Lin Carter did more than tread in Howard's footsteps, however. He wrote his own stories, served as a literary critic, and edited anthologies. One of those, Flashing Swords! #4: Barbarians and Black Magicians, contains a story by author Michael Moorcock. But his introduction to the volume is all about Howard. He describes the theme of the series, Sword & Sorcery, as "the modern reincarnation of the oldest form of narrative known to world literature: the heroic fantasy." He traces its lineage from Beowulf, through medieval sagas and epics, and to legends such as St. George and the Dragon, "until a smart aleck called Cervantes lampooned it in a novel called Don Quixote, and made this sort of stuff the laughingstock of Europe."
So, if Miguel de Cervantes' epic story Don Quixote killed Sword and Sorcery, who revived it? That would, of course, be "a burly, brooding, furiously energetic Texas writer named Robert E Howard." He describes Howard's stories as "crisp, vivid, told with verve and gusto, drenched in color and mood, and narrated with enormous drive and urgency." Such a description makes clear that reviving the popularity of Robert E. Howard's stories was more than just a step along the path to publishing his own stories. Perhaps that's why much of his own creations, including those featuring a hero named Thongor, have been often compared to Conan and Kull. In fact, the reason I've been thinking of him, and put him on my author birthday list, is all due to my renewed interest in Robert E. Howard. Comic book readers in the 1970s and '80s may have felt similarly. A few months back, I read one letter in the back of an old Conan The Barbarian comic, in which he asked how Thongor fit into the chronology of Marvel's other Sword & Sorcery series on Conan and Kull.
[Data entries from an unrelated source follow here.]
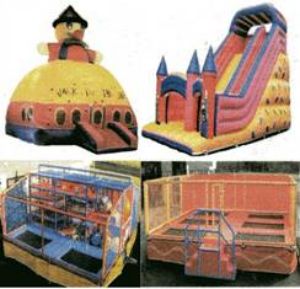 Jon Anton Presents...a Very Large Range of INFLATABLES available of all sizes & styles. From the Traditional BOUNCY CASTLE with various theme decorations: Disney & Space Themes, TV Favourites & Cartoon Themes.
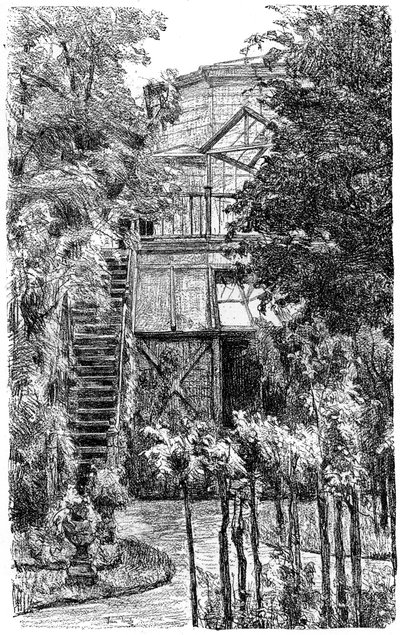 गार्डन, c1880-1882 द्वारा इसहाक इज़राइल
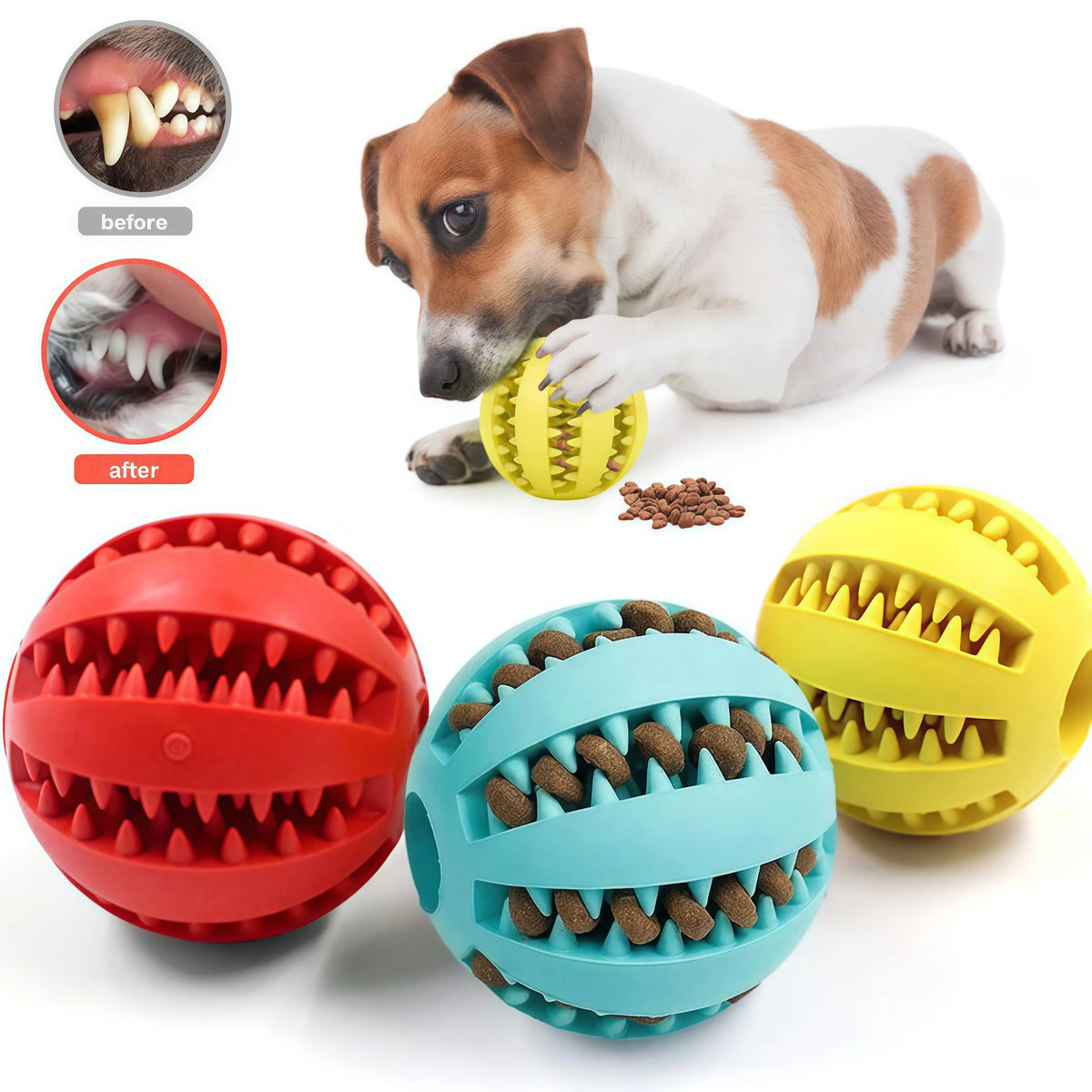 ChewCheck Treat Ball Toy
|An illustration accompanies Carter's introduction to|
Flashing Swords! #4: Barbarians and Black Magicians.
Sometimes, you realize later on how much someone contributed to your life. They stayed in the background, seemingly just a member of the crowd, their efforts largely unrecognized during their lifetimes. With the recent literary efforts to strip away the extraneous Howard material, and publish the Robert E Howard stories as they first appeared in magazines, or even as unfinished story fragments, perhaps it's time to acknowledge the people who transformed a largely forgotten author into a literary giant, and made his characters (particularly Conan) into household names. I'd like to read more of Lin Carter's stories, and I don't just mean read his Howard pastiches, but those belonging to his own imagined worlds. Somehow, I think I owe it to this other largely forgotten author who has given us so much. How about you?